The leaders of each group taught about Jesus’ life from the Bible. For example, Jesus' love for the poor, healing the sick physically and spiritually, setting them free from sin and showing them the way to salvation and deliverance. As the people who were part of the care groups learned more about God, they also built a trusting, supportive community with the group leaders and one another.

These relationships naturally connected to the church and opened doors to introduce attendees to the local pastor where spiritual discipleship could grow even further.

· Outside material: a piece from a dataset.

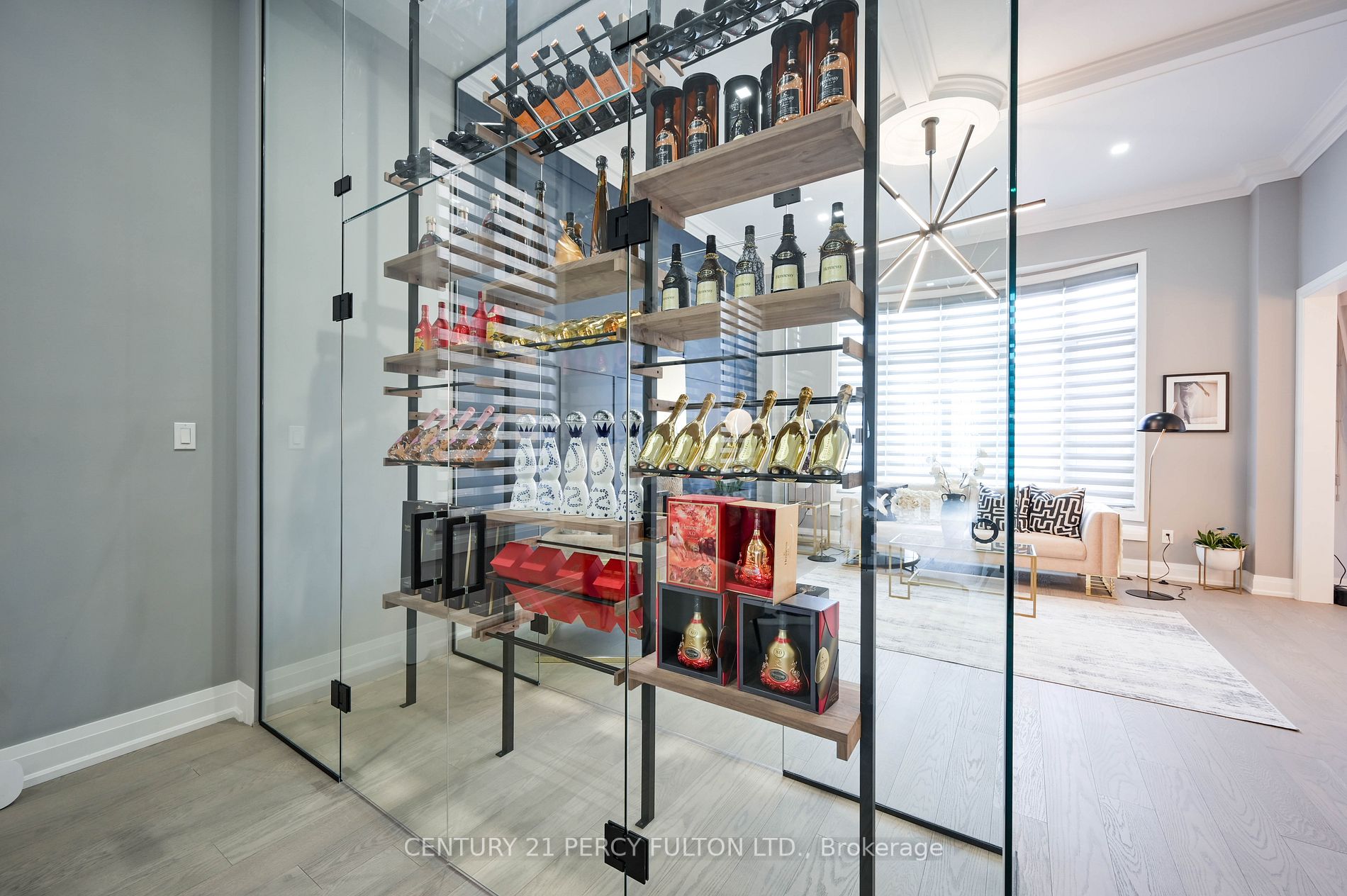 103 Garyscholl Road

The care groups began to discuss how those who followed Christ’s way also wisely stewarded their resources and God-given abilities. They formed savings groups and started reading and writing classes. In addition to the adult literacy activities, the group was taught how to honor God through issues with their health and laws. They learned about tuberculosis prevention, cleanliness, divorce, child marriage, intoxication, superstition, healing malnutrition, caring for infants and new mothers, women's rights and more.

God’s love for each one of them flowed out in practical ways from them to one another, their spouses, children and neighbors.

The Words to Our Father

One of care groups’ members is Beauty. She has a husband and a young daughter and lives in a densely populated slum just a quarter of a kilometer away from the church.

Beauty would sit in the care group meetings and listen to the discussions, an active participant and learner with many questions. She liked those teachings very much. Soon, the pastor invited her to attend the church’s prayer meetings, and she started to come to the church regularly to pray for her family and neighbors. Even though she had not yet officially ‘accepted’ Christ, she wanted to talk to this God who cared so much for her and her community.

Her open spirit and inquisitive mind flourished in the prayer meetings where she was in regular communion with her Creator and the church staff.

Her life began to change, and her family was touched by Jesus. One day she decided to accept Jesus as her Savior and deliverer. At the end of one of the church’s mission conferences, she chose to be baptized. This kind of public sign of faith is highly significant in a primarily Muslim and Hindu country.

Now she is growing day by day through the care of her pastor and church community, and she regularly attends the weekly church meetings with her sister and brother. Most of all, she is deeply passionate about prayer.

In prayer and the movement of the Holy Spirit lies the true power to heal Beauty’s homeland and the hearts of its people.